DAVİD McKee’den ELMER VE GÖKKUŞAĞI. Elmer ve diğer filler, fırtınanın bitmesini sabırsızlıkla bekliyor çünkü ardından çıkacak o güzel, rengârenk gökkuşağını görmek istiyorlar. Ama korkunç bir şey olmuş: Gökkuşağı renklerini kaybetmiş! Elmer, gökkuşağına kendi renklerini veriyor. Ama ya Elmer renklerini sonsuza kadar kaybederse? 32 SAYFA.(MUNDİ KİTAP)

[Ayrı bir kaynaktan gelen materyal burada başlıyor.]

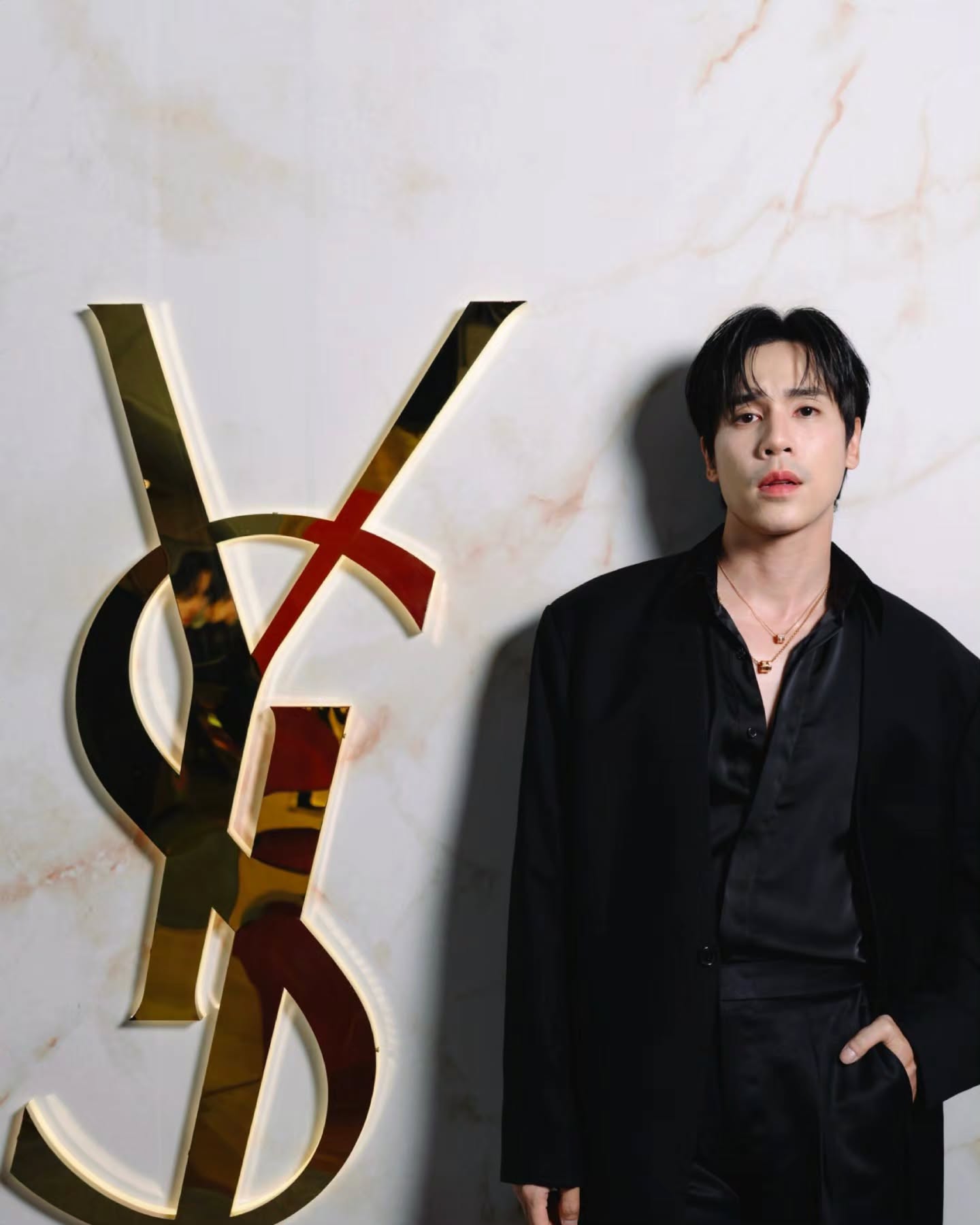 เจษ - เจษฎ์พิพัฒ ติละพรพัฒน์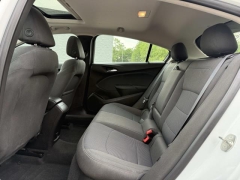 Used 2018 Chevrolet Cruze 4d Hatchback LT Auto at Paradise Motors near Lansing, MI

Dışlanmışların kendinden bir şeyler bulabileceği hikâye
TOVE Ditlevsen’den ÇOCUKLUK-KOPENHAG ÜÇLEMESİ. Çocukluğumun oturma odasında tek başımayım. Eskiden burada annem şarkı söyler, babam yıllardır görmediğim yasak kitabı okur, ağabeyim ise bir tahtaya çivi çakardı. Bunların hepsi asırlar evveldi ve o zamanlar, çocukluğun sonsuza dek süreceğini acıyla hissetsem de daha mutluydum gibime geliyor... Bundan sonra evde uyumaya devam etsem de bu gece oturma odasıyla vedalaştığımı hissediyorum. Yatmak içimden gelmiyor, uykum da yok. Derin bir hüzün içindeyim. Sardunyaları cam kenarından kaldırıyorum ve gökyüzüne, esip geçen bulutların arasında hafifçe sallanan yeni ayın beşiği altında ışıldayan küçük yıldıza bakıyorum. Johannes V. Jensen’in, birçok kere okuduğumdan uzun bölümlerini ezbere bildiğim Buzul adlı romanından birkaç satırı kendi kendime söylüyorum: “Kâh sabah kâh akşam yıldızı gibi parlıyor annesinin koynunda öldürülen küçük kız, sonsuz yollarda beyaz ve dalgın, yalnız başına gezen, kendi oyununa kapılmış bir çocuk ruhu gibi.” Bu cümleler, bana ebediyen kaybettiğim Ruth’u hatırlatıyor ve gözlerimden yaşlar akıyor. Küçük, kalp şeklinde ağzıyla, gözleri parlak ve kudretli Ruth. Herkese laf yetiştiren, yüreği sevgi dolu, küçük, kayıp arkadaşım. Arkadaşlığımız da çocukluğum gibi sona erdi. Güneş yanığı gibi, çocukluğumun son parçacıkları şimdi üstümden pul pul dökülüyor ve altından ters, imkânsız bir yetişkin beliriyor. Gece, pencerenin önünden geçedursun, şiir defterimi okuyorum ve ben farkına varmadan, çocukluğum usulca, hayatımın sonuna kadar benim için bir bilgi ve tecrübe kaynağı olacak, şu insan ruhunun kütüphanesi olan belleğimin dibine çöküyor. Ne Dediler: “Dışlanmış olanların kendilerinden bir şeyler bulabileceği olağanüstü bir hikâye.” Patti Smith. “Büyük edebiyat nasıl yapılır, işte örneği. A Klas… Üçleme, muazzam bir yeteneğinin ürünü.” -Parul Sehgal, The New York Times. 96 SAYFA.(MONOKL YAYINLARI)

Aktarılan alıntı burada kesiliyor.